**Collected material:**
----------
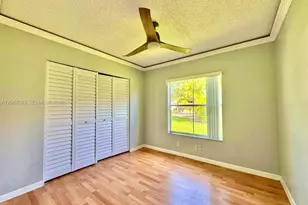 825 Falling Water Rd, Weston, FL 33326 - Photo 9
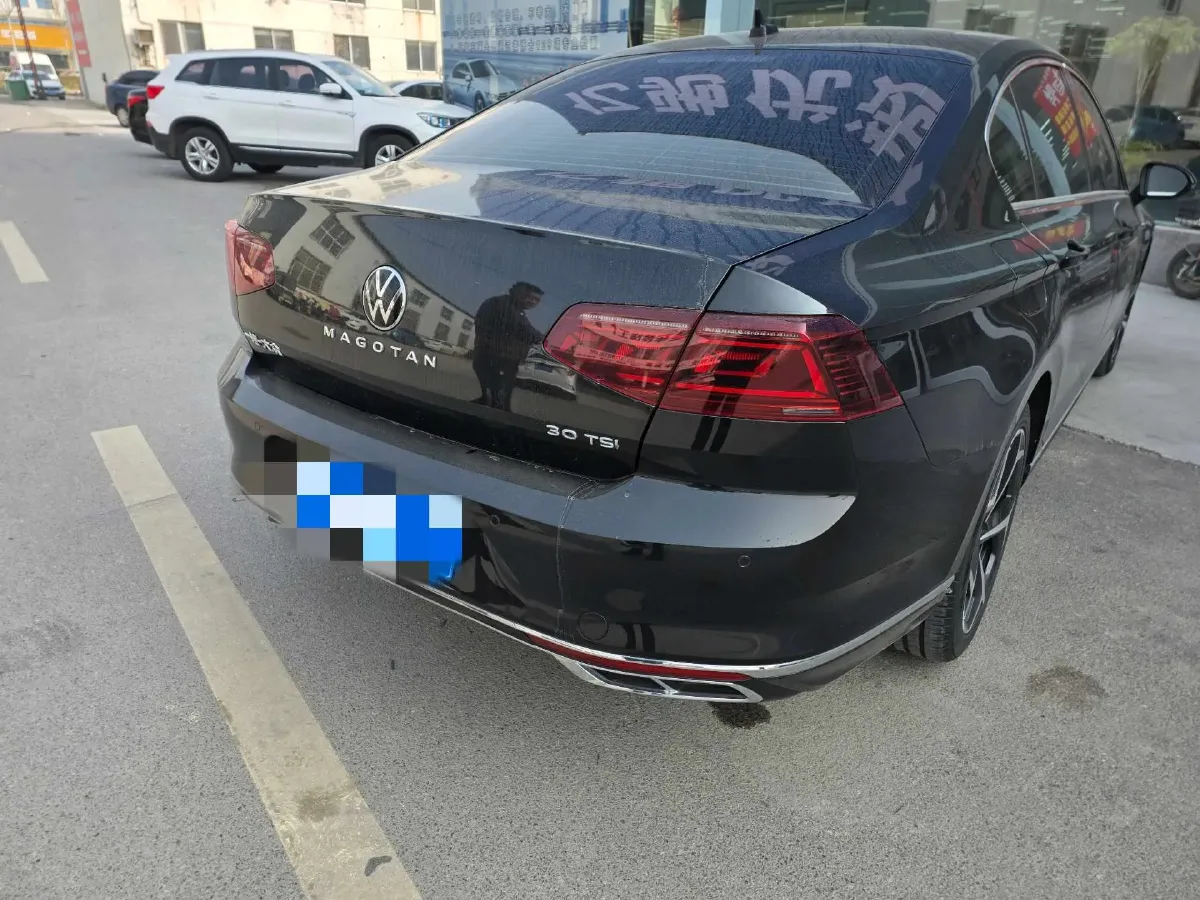 2023 Volkswagen Magotan 2.0T 186HP L4 7DCT,autocango,china used car exporter,china ev exporter,chinese used car exporter,chinese used ev exporter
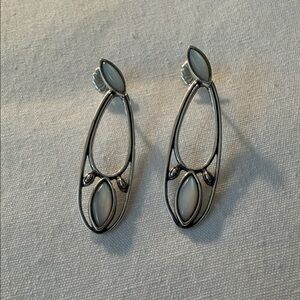 Carolyn Pollack Designer Southwest Mother of Pearl earrings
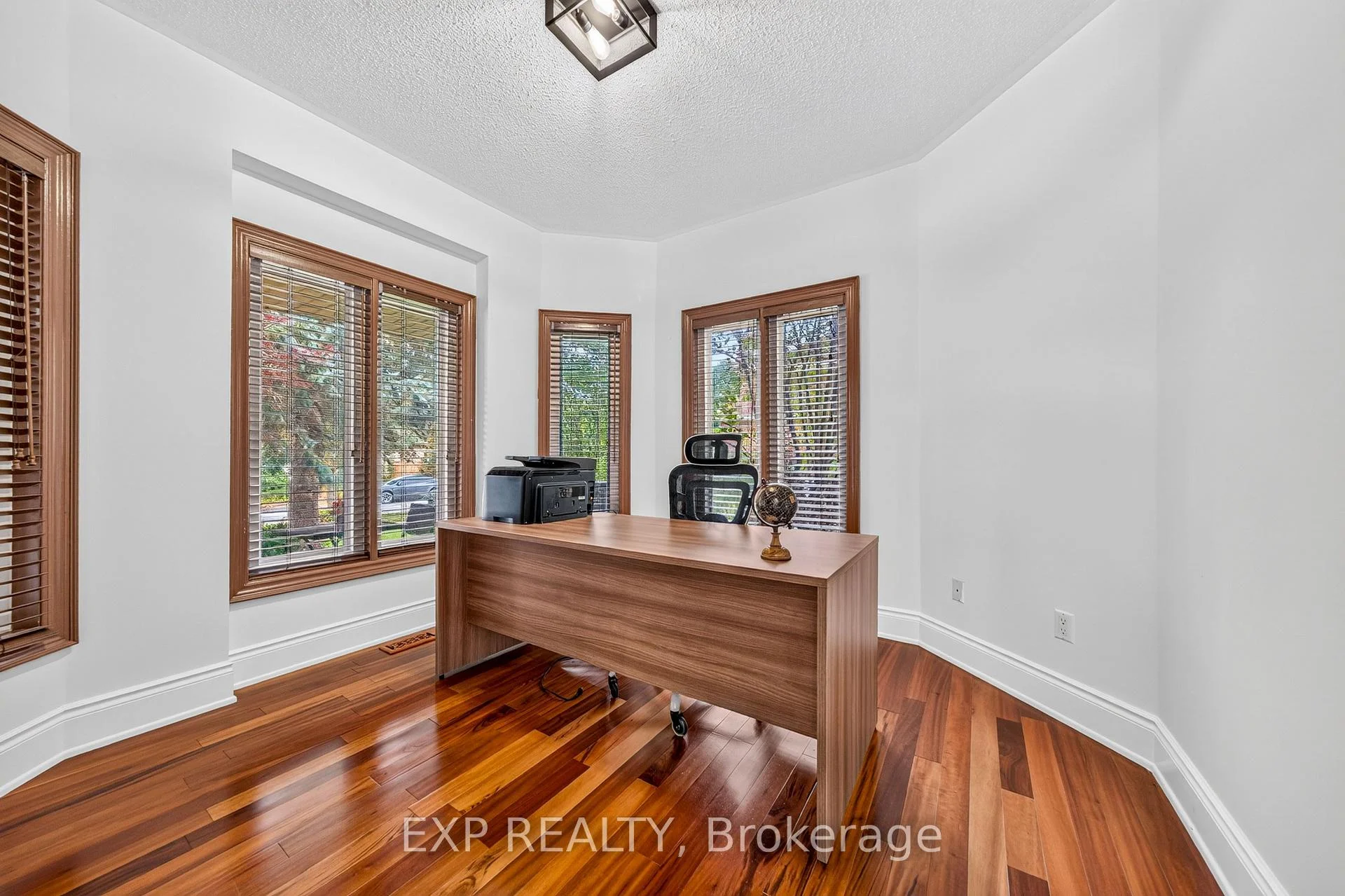 Photo 25 of 785 Quantra Crescent, Newmarket, Stonehaven-Wyndham — HOMEH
----------
**Your task:** Produce an exact copy of the lines from the line with "2023 Volkswagen Magotan" through the last line of the data above, both ends included. No pictures belong in it.

**Written answer:**
 2023 Volkswagen Magotan 2.0T 186HP L4 7DCT,autocango,china used car exporter,china ev exporter,chinese used car exporter,chinese used ev exporter
 Carolyn Pollack Designer Southwest Mother of Pearl earrings
 Photo 25 of 785 Quantra Crescent, Newmarket, Stonehaven-Wyndham — HOMEH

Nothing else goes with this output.